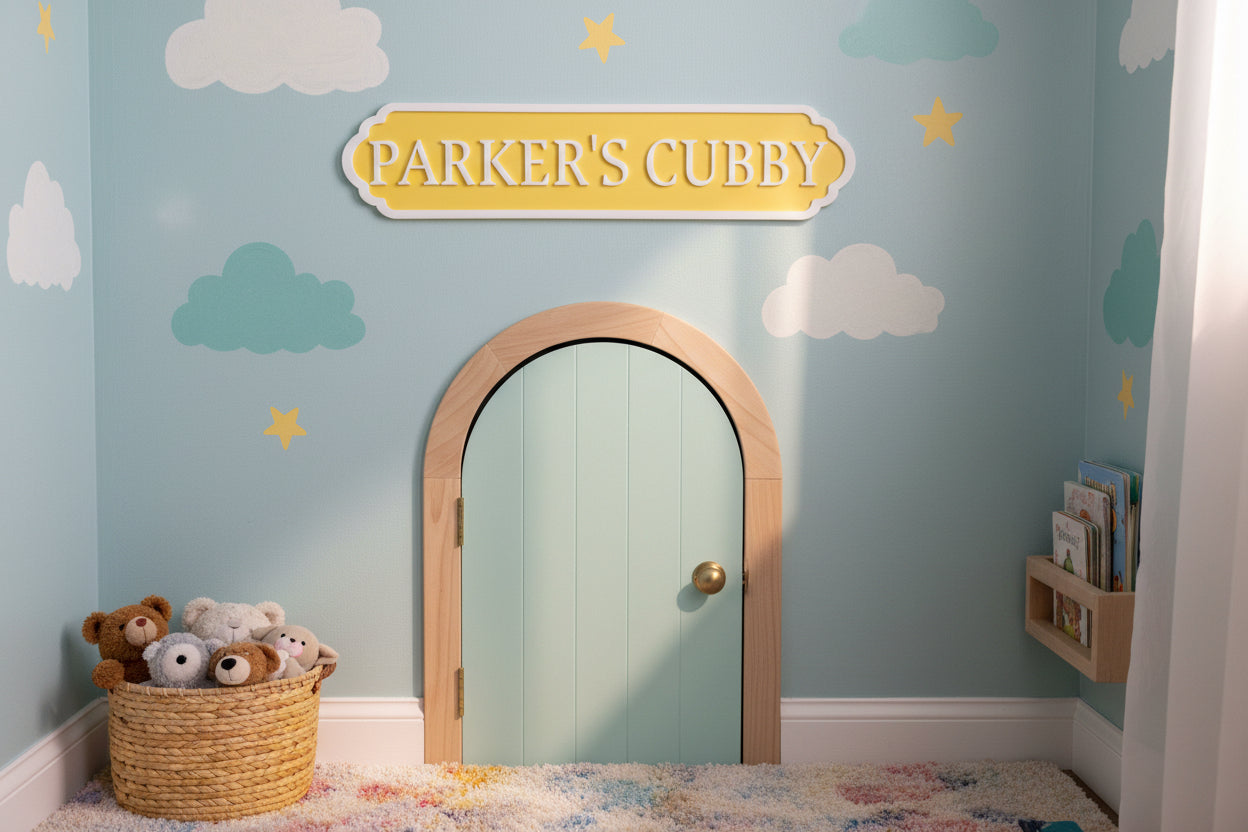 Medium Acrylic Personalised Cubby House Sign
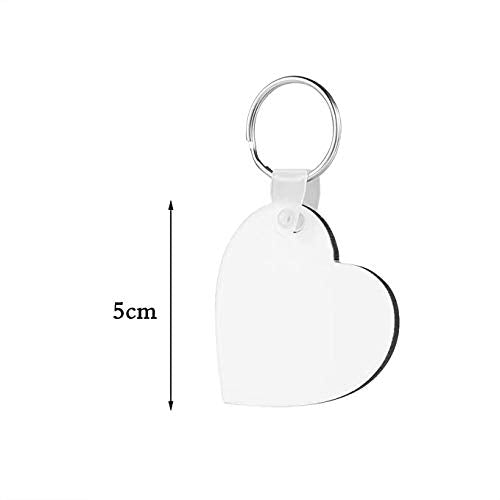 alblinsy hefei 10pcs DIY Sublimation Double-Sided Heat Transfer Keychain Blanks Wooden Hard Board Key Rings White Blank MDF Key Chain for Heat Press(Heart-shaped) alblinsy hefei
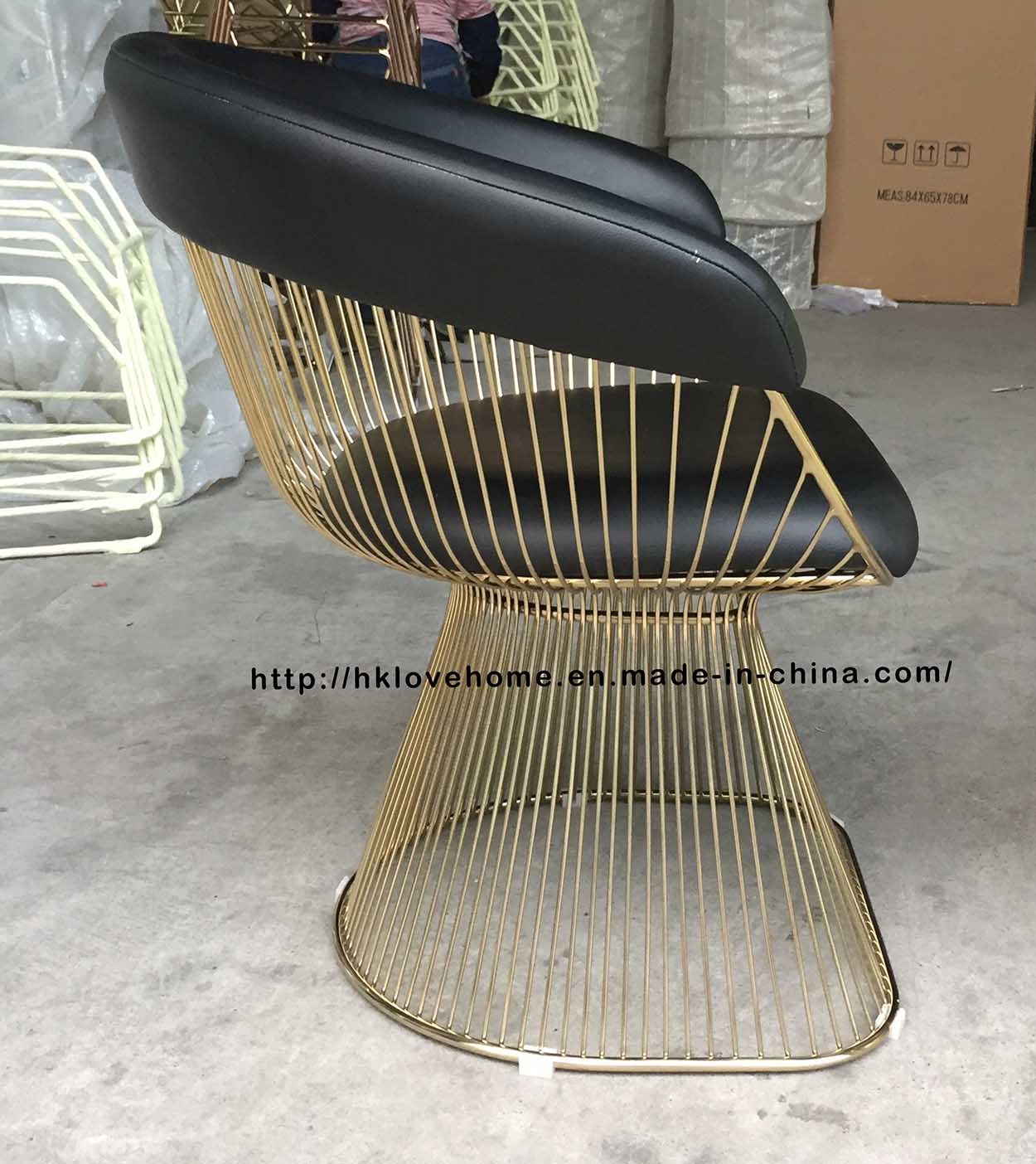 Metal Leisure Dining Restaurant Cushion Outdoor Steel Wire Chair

==========

Work required: Copy verbatim the span that opens at the line with "alblinsy hefei 10pcs" and closes at the final line of the listing. Do not carry over any pictures.

Final answer:
 alblinsy hefei 10pcs DIY Sublimation Double-Sided Heat Transfer Keychain Blanks Wooden Hard Board Key Rings White Blank MDF Key Chain for Heat Press(Heart-shaped) alblinsy hefei
 Metal Leisure Dining Restaurant Cushion Outdoor Steel Wire Chair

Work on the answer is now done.